What do the “stages of grief” mean and are they true for everyone?

You may have heard of the five stages of grief or the Kübler-Ross model, named after the Swiss American psychiatrist who formulated the theory. These stages consist of denial, anger, bargaining, depression, and acceptance. Some psychologists and researchers also go by a seven-stage model, which also considers shock and guilt, and pain as part of the grieving process. If you’ve lost a loved one and don’t feel like you’ve hit all these stages, does that mean there’s something wrong with you? Not at all.

Again, grief looks different on everyone, and many experts actually steer people away from reading into this definition of grief too heavily. “It’s important that we don’t define the grieving process by these stages, but rather acknowledge that grief varies individual to individual,” says Helen Rogers Pridgen, MSW, LMSW, vice president of programs at the American Foundation for Suicide Prevention. “Grief can be messy. It can be cyclical and linger around important life events, words not said, and memories of the one we lost. We must allow ourselves to feel whatever we feel.”

These stages of grief are often not linear, Bolton adds. You might experience denial and anger even long after you’ve reached a place of acceptance, or you may skip over certain stages altogether.

What are healthy ways to cope with grief?

Know that it’s okay not to be okay. If you are experiencing grief or loss, Dominique Pritchett, PsyD, LCSW, a therapist in Kenosha, Wisconsin, emphasizes that now is not the time to pretend that everything’s fine. “It’s okay not to have all the answers. And it’s okay to ask for help.”

Feel your feelings. We know, it sounds like your friendly meditation app coach, but it’s true. Sometimes, simply telling yourself “I feel sad,” acknowledging it, sitting with it, and observing your feelings and bodily sensations as they arise can help make you feel better.

In certain marginalized communities, being in touch with your emotions can prove especially difficult. “It’s important to keep in mind that based on the role you’re in, you may feel obligated to suppress these feelings because of stereotypes or un-empathetic environments,” says Pritchett. “For example, Black women are typically criticized for appearing angry and aggressive, whereas their white counterparts may be given more empathy and compassion.” Those feelings of anger and frustration can build up over time if they go unexpressed, she adds.

Focus on having a routine and making plans. “While initially, you may not want to do anything, after a couple of weeks of mourning, getting back into a daily routine helps reset our habits and helps our minds move forward,” says Bolton.
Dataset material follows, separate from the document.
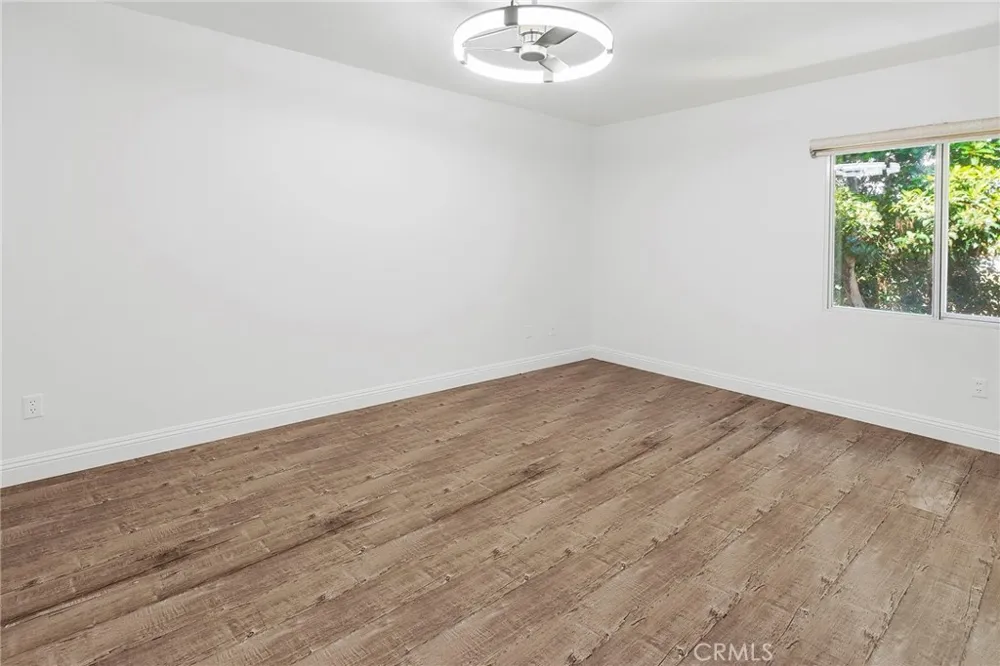 4738 La Villa Marina #H Marina del Rey, CA 90292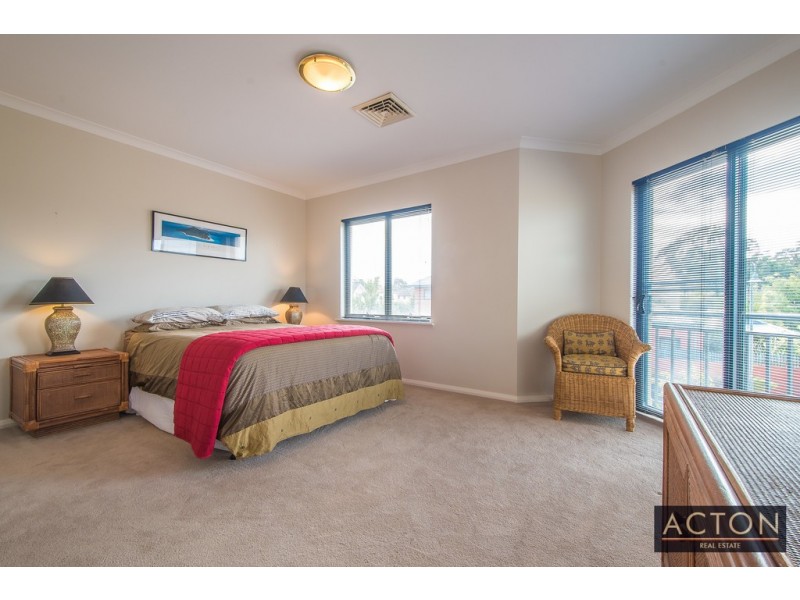 1 The Anchorage, Maylands WA 6051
Routines and goals can be useful when you’re mourning, to reintegrate back into your community and remind you of the meaning in your life, she says.

Don’t stop pursuing your hobbies. Bolton suggests filling your days with small, fleeting pleasures. That could be a hot bath, dinner with a friend, or something as simple as a good piece of chocolate. And whatever you enjoy doing on a regular basis, keep doing it. “Passions, or our hobbies, give us purpose and more fulfilling enjoyment. Both of these are excellent tools to combat the stressful feelings that may arise from loss,” Bolton says.

Honor your loved one’s life. Right now, this can feel challenging with the pandemic limiting in-person gatherings. But there’s still so much you can do. “It’s critical for many people to have a way to say goodbye or commemorate the passing of a loved one,” says Bolton. And currently, people might have to mourn in different ways, but “recalling positive memories and having the opportunity to share those with others helps us reimagine part of the mourning process that we enact in person at funerals,” adds Bolton.

She recommends creating some kind of keepsake about a loved one. That could mean putting together an album, a slideshow, or sharing pictures on a virtual site.

Trust in the passage of time. “Be patient with yourself and know that the process takes time, but the immediate pains will transform,” offers Bolton. “They may catch you by surprise down the road, and that’s okay. Be gentle and take care of yourself.” Time doesn’t heal all, but it can get you to a place where you may be able to look back on memories more fondly rather than being inundated with a surge of pain.

What can you say to someone who is experiencing the loss of a loved one?

It’s never easy to know how to comfort those who are grieving, whether it’s a relative, friend, or co-worker. Above all, sometimes just knowing you’re there for them can make a difference. “It’s important to validate, listen, and ask questions,” advises Alpern, cautioning people to avoid platitudes at all costs. Instead of saying things like “So sorry for your loss” or “That sucks,” try “I’m upset that this happened to you. What can I do to help?” or “It’s not fair that they’re gone. I don’t have words, but I’m here and listening,” she suggests. Or, a simple “How are you doing today?” a few weeks and months after a loved one’s death can really touch someone, too.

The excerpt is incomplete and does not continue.